PhD in Applied Physics, Ruhr-University, Bochum; after working at ESOC on the modelling of the dust environment for Halley’s Comet, he was hired as ESA’s first planetary scientist, working on the Giotto mission, which gave us the very first close-up images of a comet nucleus.
He became lead scientist on the Rosetta mission in 1985.
Married with two small children, Gerhard enjoys modern literature and art, classical music, good food and wine, though naturally his family is his first priority in his very sparse spare time.
ESA: When did you first become interested in space science?
Of course, I had a natural interest in the achievements of the early spaceprobes and especially manned spaceflight, starting with Yuri Gagarin and the first Moon landing, which I followed with my fellow students in my first year at university, but I really wanted to study the dynamics of Earth’s atmosphere in detail, which was an emerging field at that time with satellite data becoming available.
After my move to Bochum, I joined a volleyball team and one of my team mates turned out to be a young professor of atmospheric physics. He asked me to work with him, however, it turned out that his boss needed somebody urgently to fill a role on a space science research project. As he was the boss, he got the final say and so I went to work for him. I have been in this field ever since!

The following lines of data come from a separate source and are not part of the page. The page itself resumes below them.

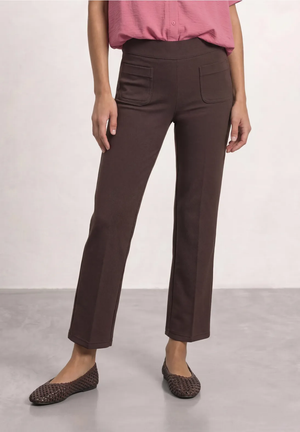 Broek D. Rood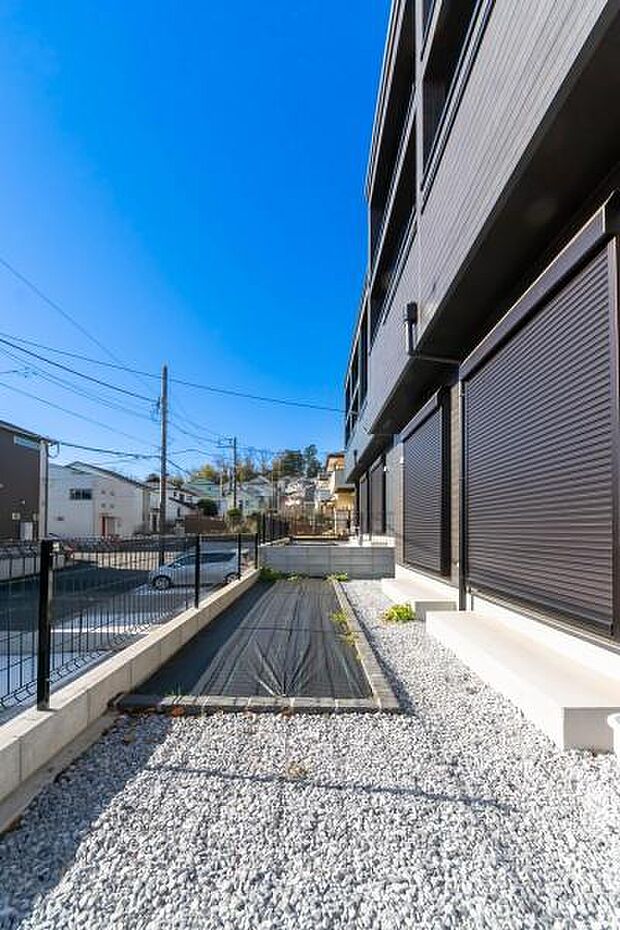 「コンパクトガーデン」ちょっとしたスペースが嬉しい。広いお庭は手入れが大変。物置きスペースやちょっとした家庭菜園にぴったり。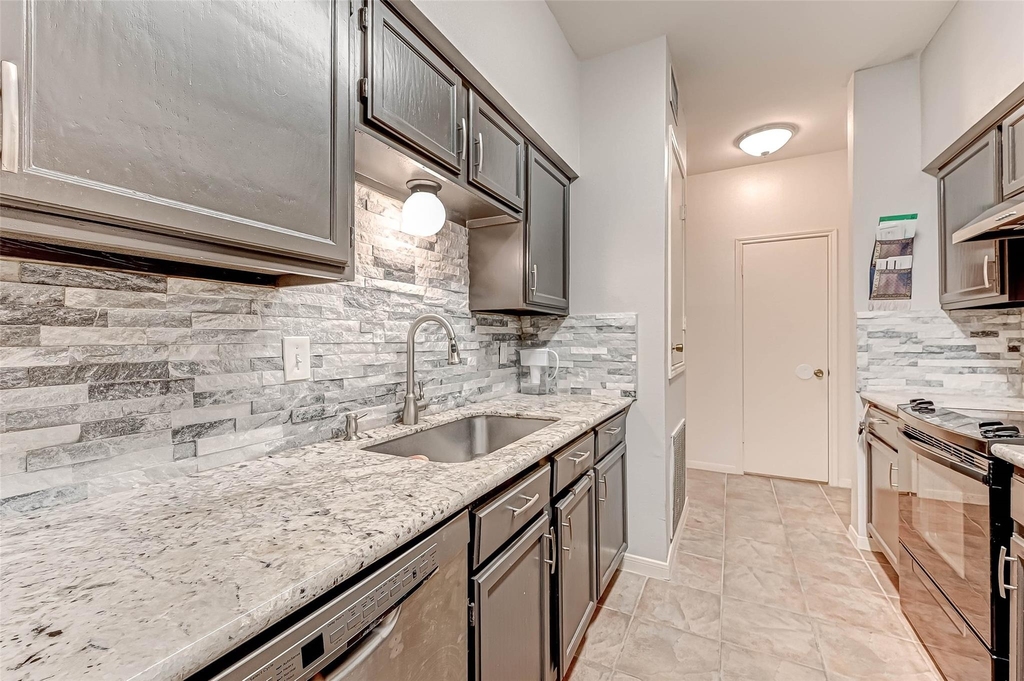 3780 Tanglewilde Street - Photo 19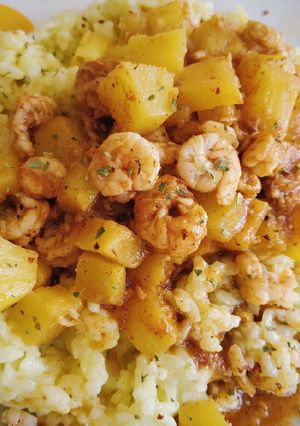 Una foto de Arroz con gambas cajún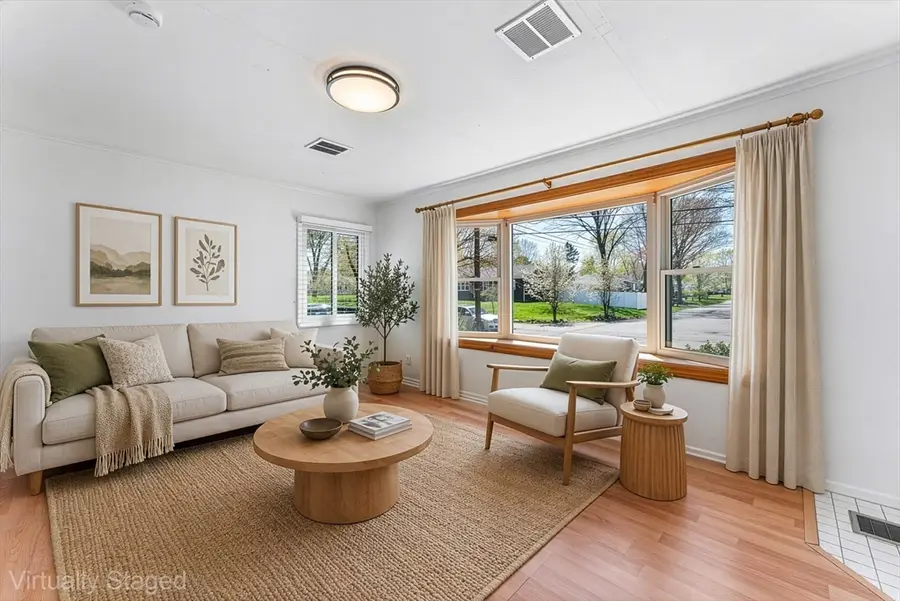 24 Treeland Dr, Framingham, MA 01701 - #3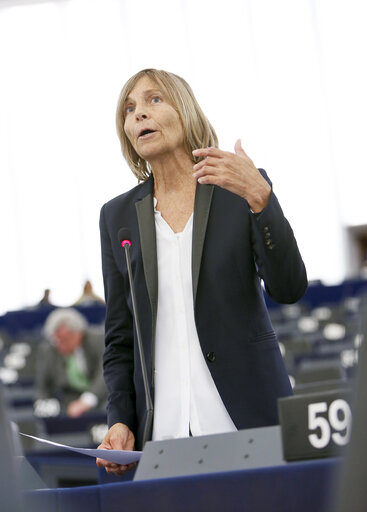 Fotografija 3: Marielle DE SARNEZ in plenary session week 23 2016 in Strasbourg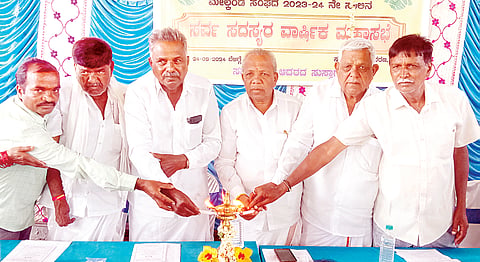ಸಂಘಕ್ಕೆ ರೈತರೇ ಜೀವನಾಡಿ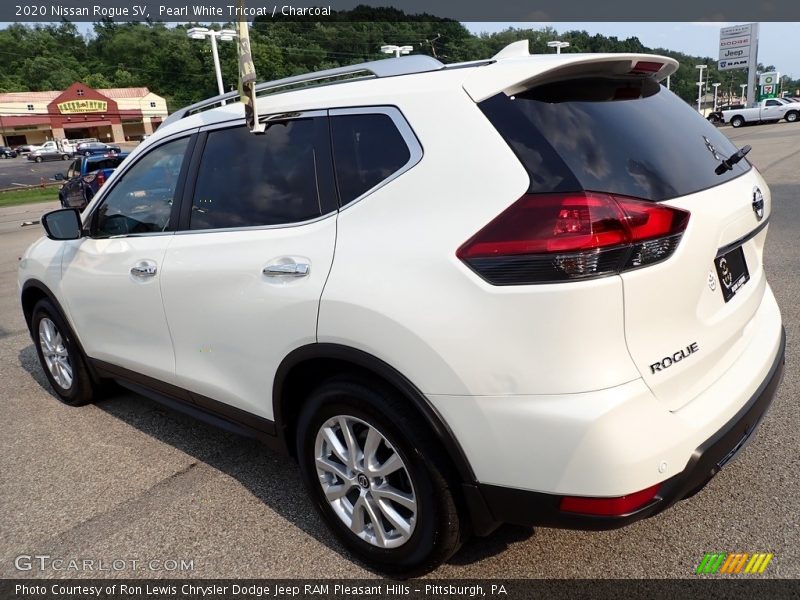 Pearl White Tricoat / Charcoal 2020 Nissan Rogue SV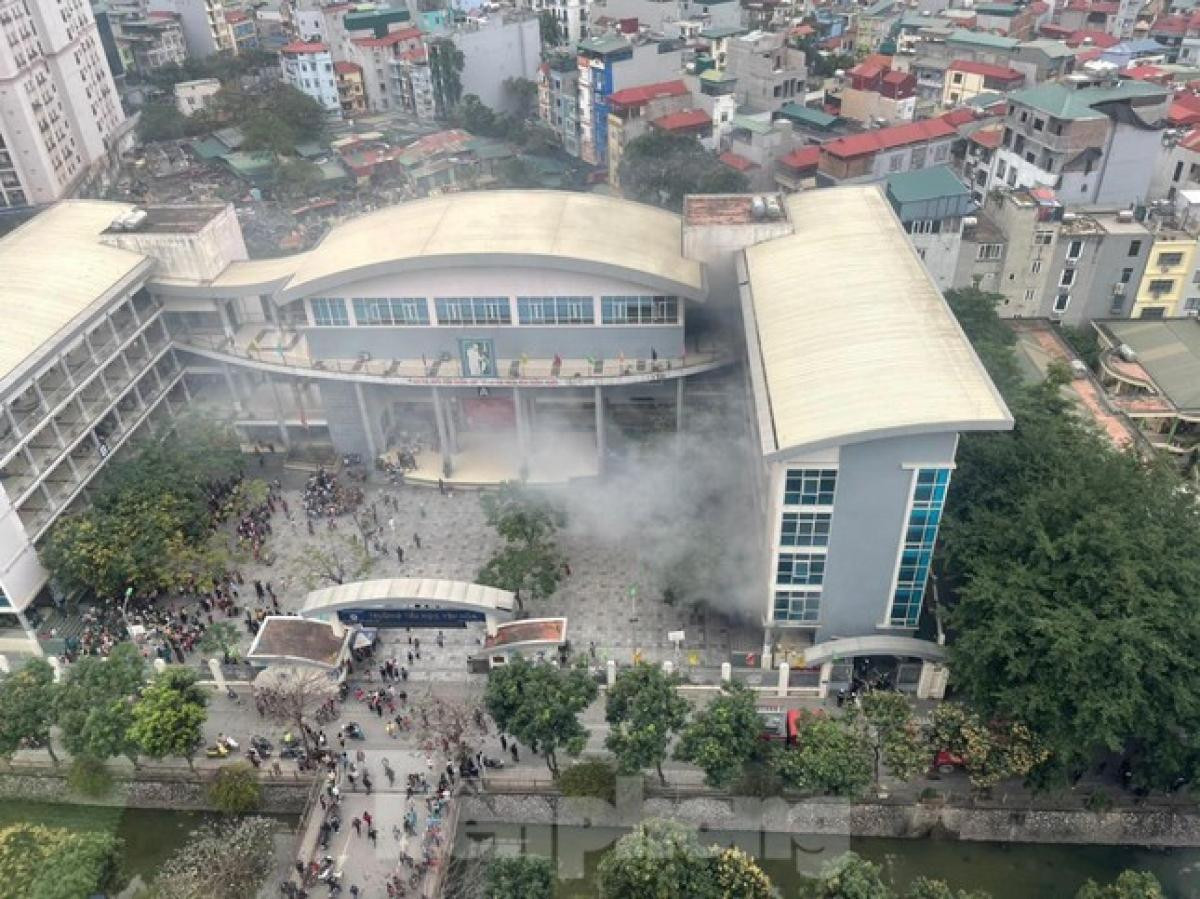 Hà Nội: Cháy trường tiểu học Yên Hòa giờ nghỉ trưa, hàng trăm học sinh hoảng loạn tháo chạy Ảnh 2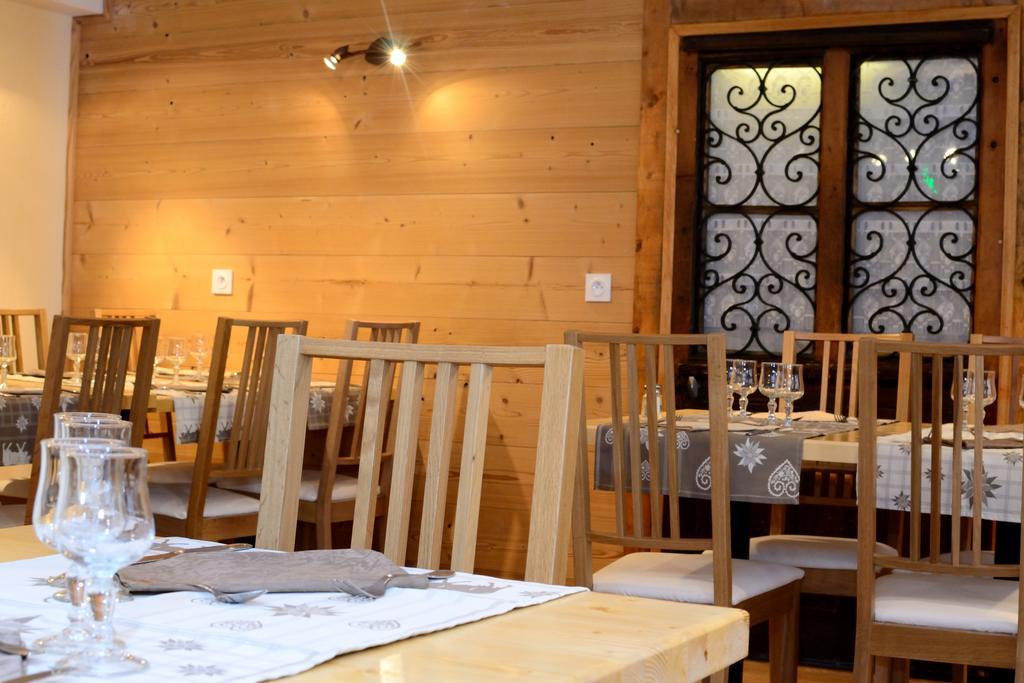 Chalet Hotel La Tarine Пезе-Нанкроа Екстериор снимка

ESA: You have been working on the Rosetta mission for some years – why do you think it is so important?
Comets provide the means for us to access the most primitive matter in the Solar System. The specific evolutionary history of comets has preserved their matter exactly as they were before the ‘Solar Nebula’, the huge cloud of gas and dust out of which the Solar System was born. Apart from some alterations by radiation, this matter gives us a perfect glimpse back to our very beginnings.
With Rosetta, we will learn in detail how comets work. I believe all of us have been impressed by watching Comet Hale-Bopp in the night sky a couple of years ago. We got a lot of observations with ground-based telescopes but we still don’t know the full physics of comets, their structure for example, and how they were formed in the first place. Once we learn more about this process, we have reached another big step in understanding how planets are formed too.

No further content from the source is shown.